◆ WHAT YOU HAVE TO DO
Extract the run of lines that starts at the top of the records below and ends at the line with "Charlie IZZO, Agent in Clarkstown, NY", keeping both ends and excluding pictures.

◆ DATA RECORDS
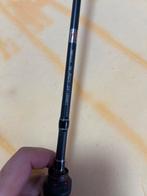 Werphengel 6'0" 5/25gr ML, Ophalen of Verzenden, Zo goed als nieuw, Werphengel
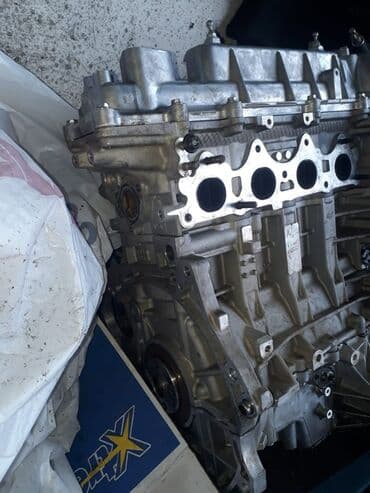 turbo az honda crv: Hyundai Veloster, 1.5 l, Benzin, 2013 il, Orijinal, İşlənmiş — 6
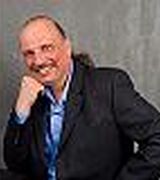 Charlie IZZO, Agent in Clarkstown, NY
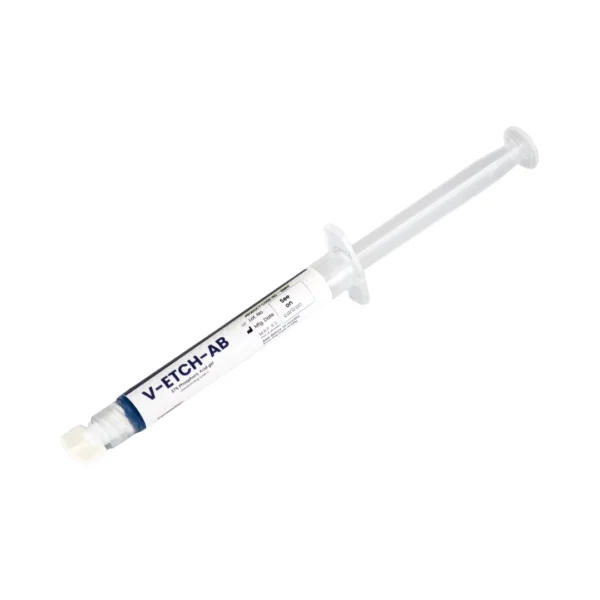 Vishal Dentocare Resto Tech Nht, Light Cured Nano Hybrid Composite Kit
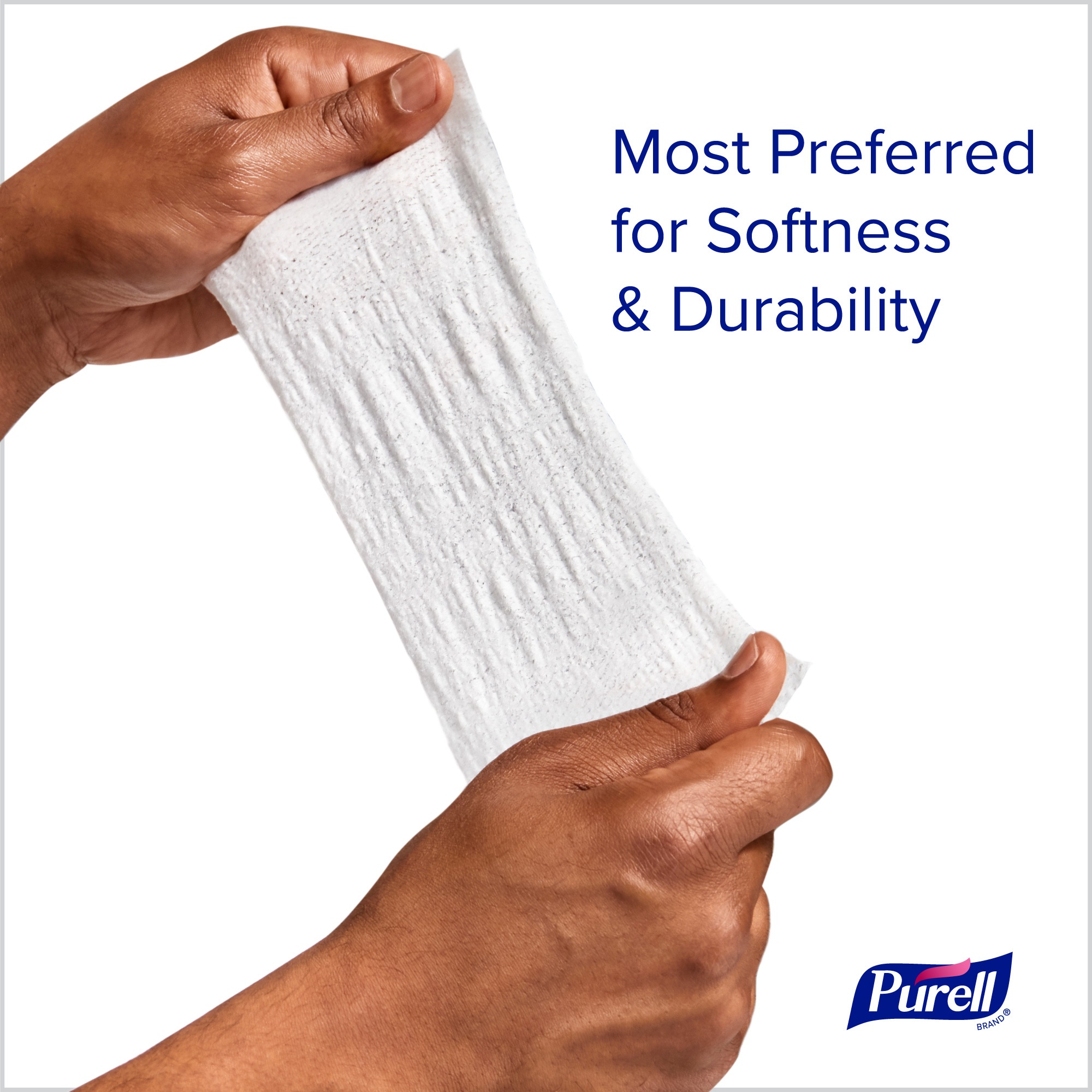 Purell&reg; 9026-1M GOJ 9026-1M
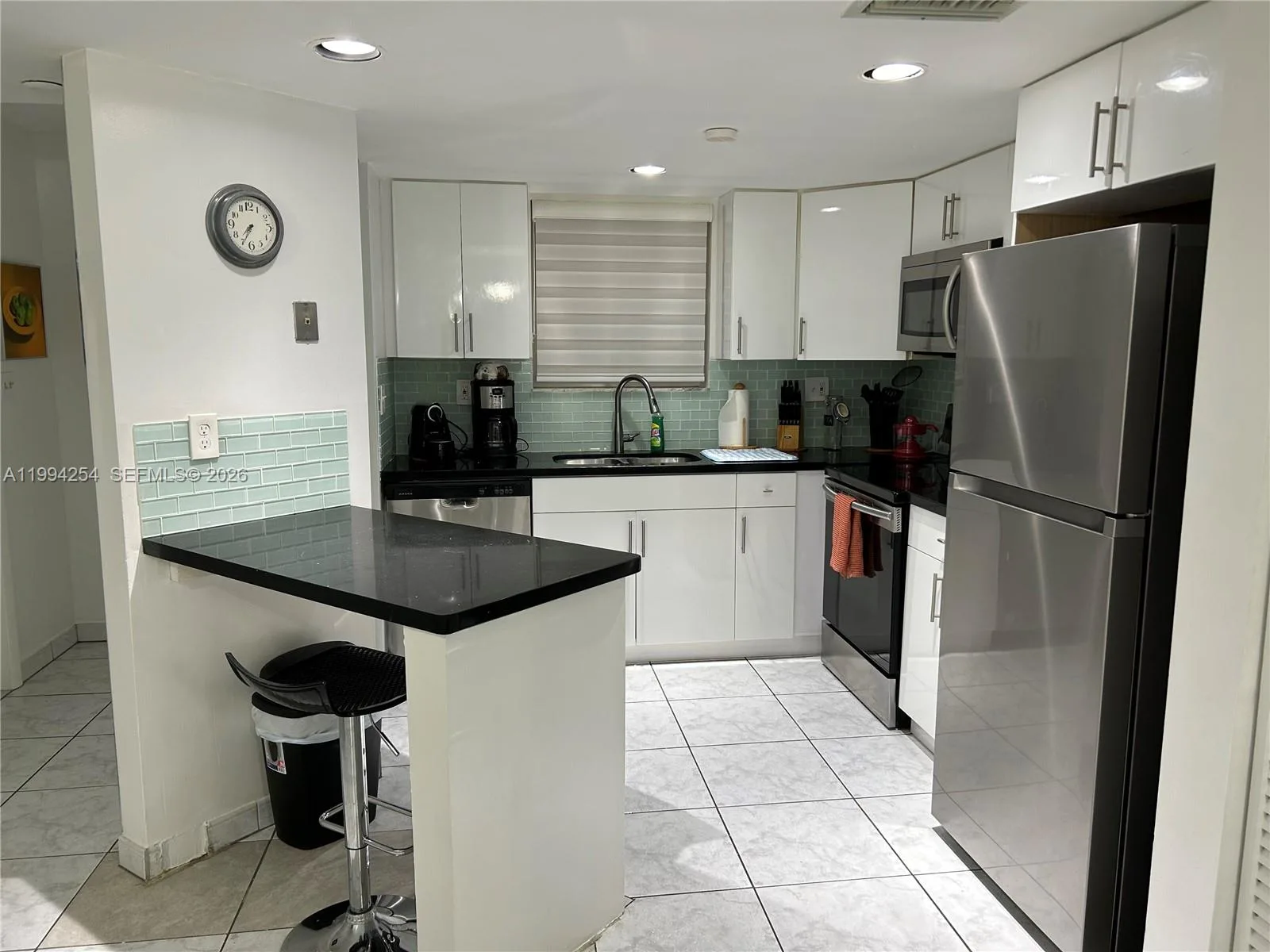 17801 N N Bay Rd # 203, Sunny Isles Beach, FL 33160 photo 13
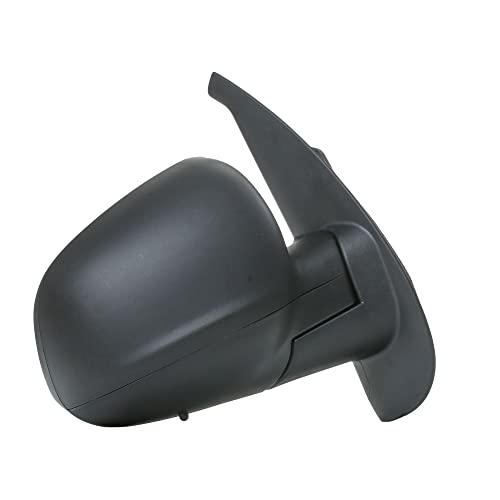 ALKAR 9226698 Rétroviseurs extérieurs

◆ SOLUTION TO THE EXERCISE
 Werphengel 6'0" 5/25gr ML, Ophalen of Verzenden, Zo goed als nieuw, Werphengel
 turbo az honda crv: Hyundai Veloster, 1.5 l, Benzin, 2013 il, Orijinal, İşlənmiş — 6
 Charlie IZZO, Agent in Clarkstown, NY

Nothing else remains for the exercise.